Id., subd. 7(d) (Supp. 2005).

            This review presents a mixed question of law and fact.  To the extent Richter does not deny that he quit, certain facts are undisputed, there is a question of law, and our review is de novo.  See id., subd. 7(d)(4); see also Peppi v. Phyllis Wheatley Cmty. Ctr., 614 N.W.2d 750, 752 (Minn. App. 2000) (noting that whether an employee has good reason to quit is a question of law reviewed de novo).  However, to the extent Richter claims he had good reason to quit, the ULJ needed to resolve conflicting testimony.  This court defers to the credibility determinations of the ULJ.  Munro Holding, LLC v. Cook, 695 N.W.2d 379, 384 (Minn. App. 2005).  We uphold factual findings that are substantially supported by the record.  Minn. Stat. § 268.105, subd. 7(d)(5). 

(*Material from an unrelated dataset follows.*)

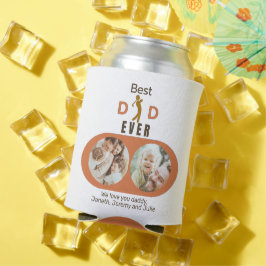 Moderner Bester Vater je Foto Collage Vatertag Dosenkühler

            An applicant has quit his employment, for statutory purposes, when the decision to leave his job was his own.  Minn. Stat. § 268.095, subd. 2(a) (2004).  An applicant who leaves his job after learning that he will be discharged in the future is still considered to have quit his employment, if the employment remains available to him in the interim.  Id., subd. 2(b) (2004).  Upon quitting, an applicant is disqualified from receiving unemployment benefits unless he can prove that he quit for a good reason caused by his employer.  Id., subd. 1(1) (2004).  A good reason is one “(1) that is directly related to the employment and for which the employer is responsible; (2) that is adverse to the worker; and (3) that would compel an average, reasonable worker to quit and become unemployed rather than remaining in the employment.”  Id., subd. 3(a) (2004).  The analysis is conducted on the specific facts of each case.  Id., subd. 3(b) (2004).

            “[W]hether there was good cause attributable to the employer for the termination is whether the reason for quitting is compelling, real and not imaginary, substantial and not trifling, reasonable and not whimsical and capricious.”  Shanahan v. Dist. Mem. Hosp., 495 N.W.2d 894, 897 (Minn. App. 1993).  Here, Richter argues that both Larson’s alleged reduction of his working hours from 40 to 20 hours per week and the inadequate amount of money offered to him in the separation package are good reasons for him to quit that were caused by his employer.  But, these are disputed questions of fact.

            The ULJ found that the evidence did not support Richter’s assertion that he was to reduce his hours.  Larson maintained that Richter could have stayed on full-time until the plant closed or September 30, whichever came first, without accepting the separation package, and the record shows that in fact Richter worked full-time until his last day.  Also, the record does not require a finding that the severance package would lead an average long-term employee to quit.  The record indicates that each employee at Larson was offered a separation package based on, among other factors, years of service and that only one other Larson employee declined the package.  Finally, the ULJ questioned Richter’s credibility because he failed to report his earnings from self-employment to DEED. 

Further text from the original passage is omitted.